手塩

明らかに風邪をひいている。身体が熱を持ち,握力が失われているためペンを持つ手はぎこちなく,筆圧を感じることができない。そして時折そのまま席にいて倒れたくなるようなだるさに襲われる。ここまで体調を崩したのは,思えばしばらくぶりだ。しばらく風邪らしい風邪を引かなくなったのは,毎日の生活が安定していたからだろう。もちろん現場に配属になってすぐはとにかく風邪を引いては休んでいた。しかしそのうちに熱という感覚をすっかり忘れるほどに元気でいられた。だから堪えている。

ブリーチーズを近所の輸入食品店で買って,それをあてにしながら赤ボルドーを開けて飲んでいる。チーズにワインは鉄板のように言われているが,ものは選ぶ。ことさら白カビチーズと赤ワインは合わない。と,いっているような評論家の記事を一度読んで以来,どこかそうした組み合わせをするのを避けてしまっている。梅干しとうなぎがダメだとかいうのももしかするとこんな適当な話から始まったのかもしれない。合わないわけがないし,かといって違うと言えば違うかもしれない。自分の意見を持って,それに忠実に生きるとは簡単に言うけれど,こんなところから躓いている。

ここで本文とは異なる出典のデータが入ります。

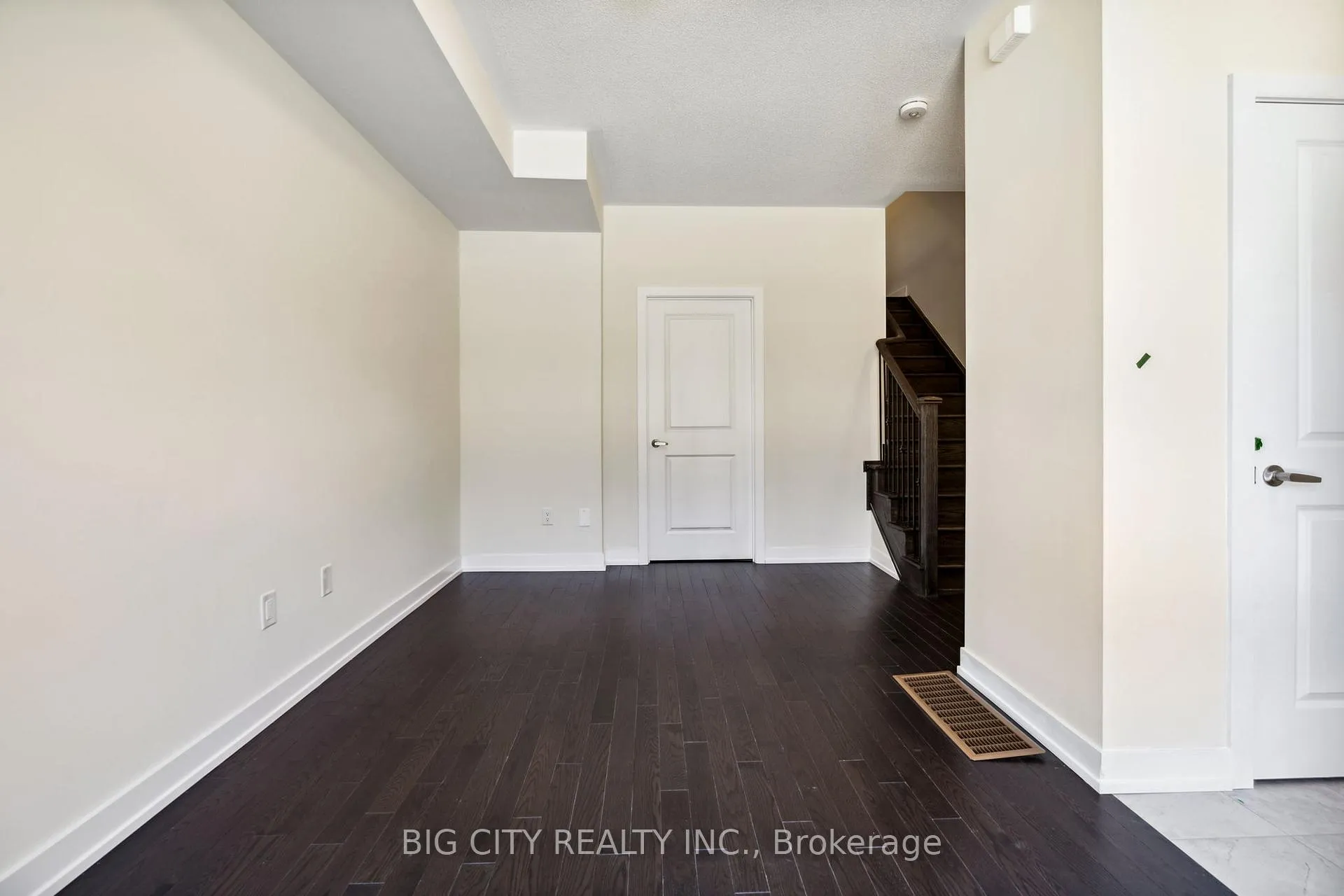 Photo 2 of 101 Stauffer Crescent, Markham, Cornell — HOMEH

すっかり昼食は手前で作った弁当で済ませるようになった。ごはんはおにぎりにして持って行っているが,いろいろ試したがシンプルな塩むすびがやはり外さない。そして手間だけれど,手塩をつけて,きちんと手で握ったほうがよい。そんなに変わらないはずなのに,どうしてかラップ越しに握るのと,手で握るのでは味が全然違う。はてこれもどこかで聞いたことのあるような話につながっているような気がするが何だろう。

けれどこうした気の持ちようみたいなものは大事で,きっと本人もそんな考えずに言ったであろう言葉がふとした瞬間に思い出されたりする。それを受け取った時の第一印象みたいなものは残っていて,言われた言葉の前後の文脈だけなぜか明確になっているのに,その当のものが思い出せないなんてこともある。

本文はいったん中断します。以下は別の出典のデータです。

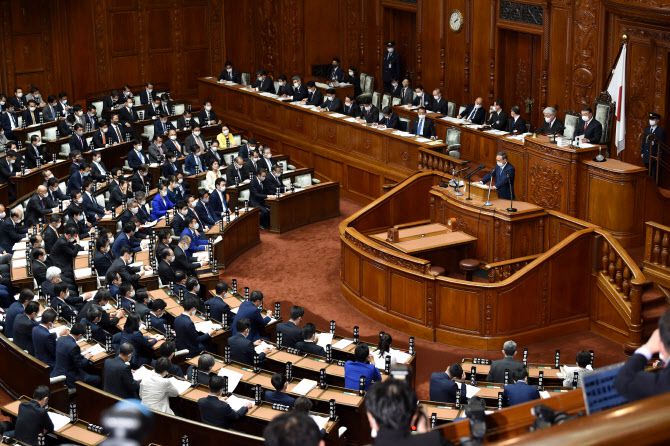 스가 총리의 26일 첫 국회 연설이 ‘아베 외교’를 되풀이했다는 평가가 나온다(사진=AFP)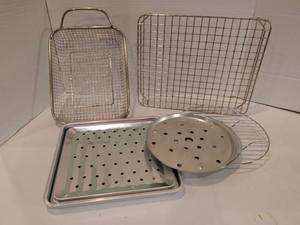 lot 1119 image: Wire Mesh Baskets and trays for steaming and more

心持ができていないときに,友人の金に糸目をつけずに遊んでいる話や,ふと自分は周りよりも特別だとほのめかすような発言を見ると,どこか悲しくなる。ただそれは受け取る側に準備ができていなかったからだ,と思いながらも,もし私が一生懸命働き,いろいろ勉強して,いろいろと試してみて,これこそ憧れの一本と思っていたワインを,なんの苦労も思い入れもなく買う人が現れ,振る舞われたらどう思うのだろう。このことは,ここ最近楽器を弾く機会が多くなる中で感じることでもある。小さな目標を一つひとつこなした先にあると思っている頂上を,いとも簡単に到達してしまえる人を目の当たりにしたのだとしたら,それでも平静でいられるだろうか。そこに至るまでの道が大切だとか,努力する過程がなかったら達成感もないというのは簡単であるが,もし地を這いながらでも進んでいる目の前で,いい車でトバしながら駆け上がっていく人を見たとしたら,それでも同じことを言えるかと思うと,どうもまだまだだと思えるのである。競争と比較の輪から抜け出せていない。ただ身体を回復させなくてはいけない。